Flash back 21 years ago to the conclusion of a Blues game at the old St. Louis Arena. Brett Hull and Kelly Chase have just emerged from the building when the players, ready for some postgame revelry, realize that neither of them has a set of wheels.

"I thought you drove," Hull quizzes his teammate.

"I thought you did," counters Chase.

They stare at each other.

"Hold on," says Hull, reentering the arena.

A few moments later the Blues winger returns to the parking lot with the keys to head coach Bob Berry's Jaguar.

"Coach let you borrow his car?" Chase asks, surprised.

"No big deal," replies Hull with a shrug.

The two climb into the Jag and race off for some fun on the East Side.

It's 3:30 a.m. when they decide to call it a night. Coach Berry has an early morning practice slated to begin in just a few hours. But as Chase tries to open the frozen door to the Jaguar, the key snaps off inside the lock.

Not to worry, though. The security staff working the nightclub recognizes the players and brings out some beers and a bottle of rum. Someone builds a fire in an old oil drum, and just like that they're having an impromptu tailgate party.

They're all sitting there, swapping stories like old friends and passing around the bottle, when a locksmith finally arrives to fix the car. Yet Hull doesn't want the night to end. He invites the bouncers out for breakfast — his treat — at the Eat-Rite Diner.

Day is breaking a couple of hours later when Hull and Chase arrive — on time — to practice.
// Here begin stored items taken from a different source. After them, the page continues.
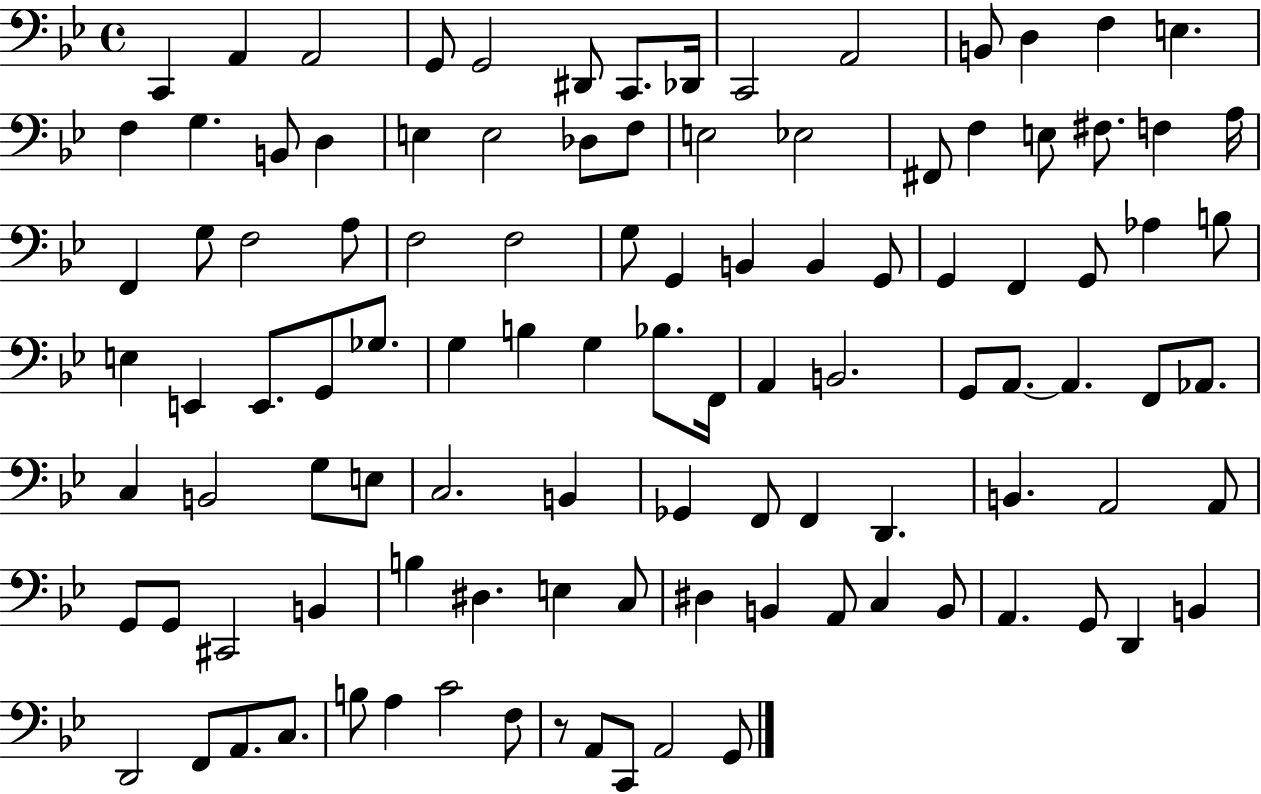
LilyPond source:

{
  \clef bass
  \time 4/4
  \defaultTimeSignature
  \key bes \major
  c,4 a,4 a,2 | g,8 g,2 dis,8 c,8. des,16 | c,2 a,2 | b,8 d4 f4 e4. | \break f4 g4. b,8 d4 | e4 e2 des8 f8 | e2 ees2 | fis,8 f4 e8 fis8. f4 a16 | \break f,4 g8 f2 a8 | f2 f2 | g8 g,4 b,4 b,4 g,8 | g,4 f,4 g,8 aes4 b8 | \break e4 e,4 e,8. g,8 ges8. | g4 b4 g4 bes8. f,16 | a,4 b,2. | g,8 a,8.~~ a,4. f,8 aes,8. | \break c4 b,2 g8 e8 | c2. b,4 | ges,4 f,8 f,4 d,4. | b,4. a,2 a,8 | \break g,8 g,8 cis,2 b,4 | b4 dis4. e4 c8 | dis4 b,4 a,8 c4 b,8 | a,4. g,8 d,4 b,4 | \break d,2 f,8 a,8. c8. | b8 a4 c'2 f8 | r8 a,8 c,8 a,2 g,8 | \bar "|."
}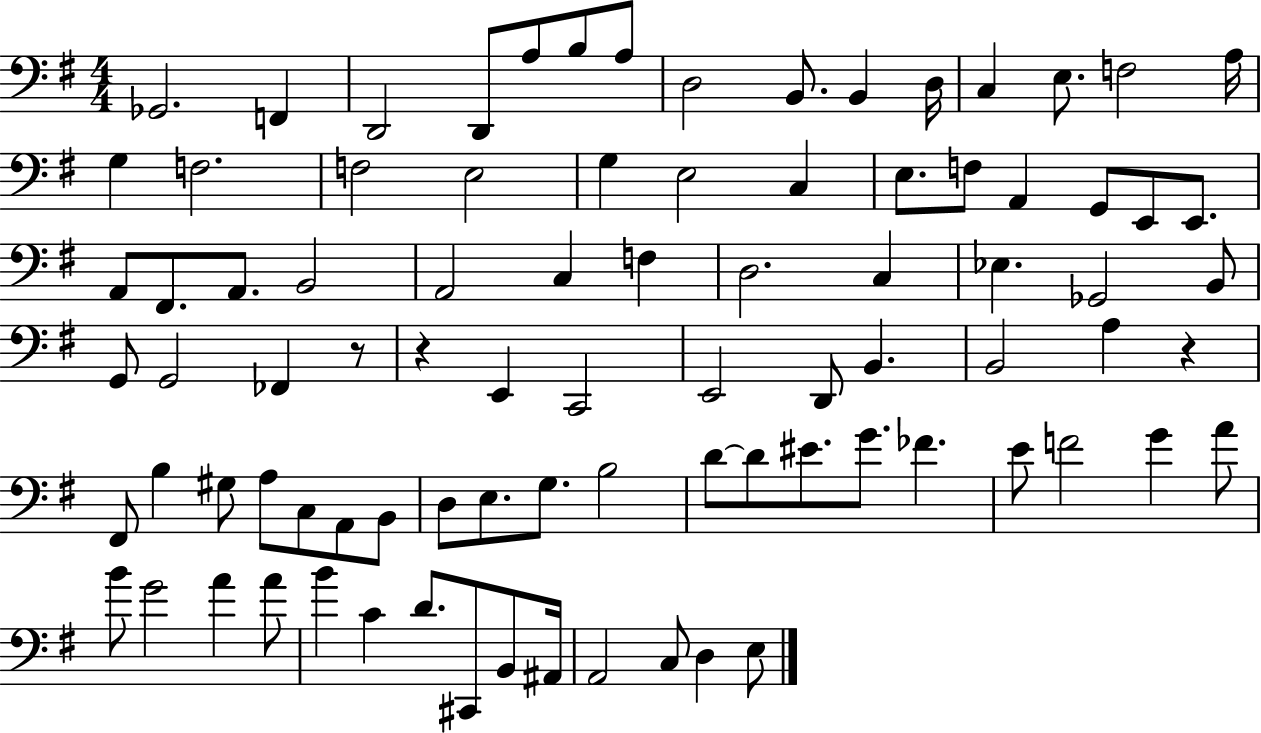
Gb2/h. F2/q D2/h D2/e A3/e B3/e A3/e D3/h B2/e. B2/q D3/s C3/q E3/e. F3/h A3/s G3/q F3/h. F3/h E3/h G3/q E3/h C3/q E3/e. F3/e A2/q G2/e E2/e E2/e. A2/e F#2/e. A2/e. B2/h A2/h C3/q F3/q D3/h. C3/q Eb3/q. Gb2/h B2/e G2/e G2/h FES2/q R/e R/q E2/q C2/h E2/h D2/e B2/q. B2/h A3/q R/q F#2/e B3/q G#3/e A3/e C3/e A2/e B2/e D3/e E3/e. G3/e. B3/h D4/e D4/e EIS4/e. G4/e. FES4/q. E4/e F4/h G4/q A4/e B4/e G4/h A4/q A4/e B4/q C4/q D4/e. C#2/e B2/e A#2/s A2/h C3/e D3/q E3/e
Hull nonchalantly tosses the keys to the Jaguar on Berry's desk. It's then that Chase discovers that Hull took the keys without permission. Coach Berry is livid. But instead of blowing up at Hull, he unleashes his rage on Chase.

"You're not good enough to be doing shit like this!" he screams. "You'll go back to Peoria again for doing shit like this!"

More than two decades later, Chase, now the radio color commentator for the Blues, laughs as he sits in his office at Scottrade Center, recounting the tale.

"I thought I would be sent down to the minors for sure," he chuckles.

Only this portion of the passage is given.